Everything from the line containing "ネイビーブルー金ゴールド星誕生会 招待状 (正面)" to the end of the listing, both included, should be returned exactly, apart from the pictures.

DATA Start Marker

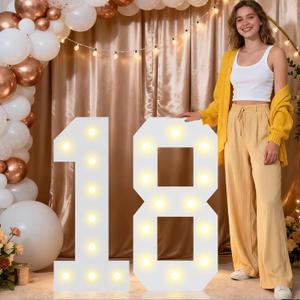 Pooqla 2.4FT Light Up Numbers for 18th Birthday Decorations for Girls Boys, Marquee Numbers 2.4 Feet Tall Party Decor for Her Him, Mosaic Big Sign 18 Year Old Anniversary Backdrop, Large Number 18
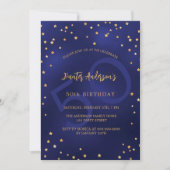 ネイビーブルー金ゴールド星誕生会 招待状 (正面)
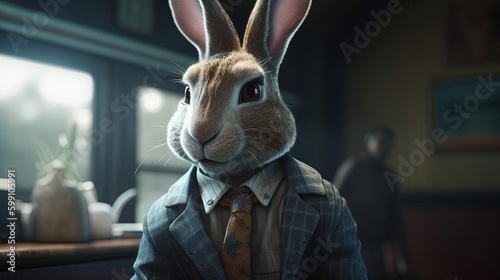 mature businessman rabbit  digital art illustration  Generative AI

DATA End Marker

> [TASK OUTPUT]:
 ネイビーブルー金ゴールド星誕生会 招待状 (正面)
 mature businessman rabbit  digital art illustration  Generative AI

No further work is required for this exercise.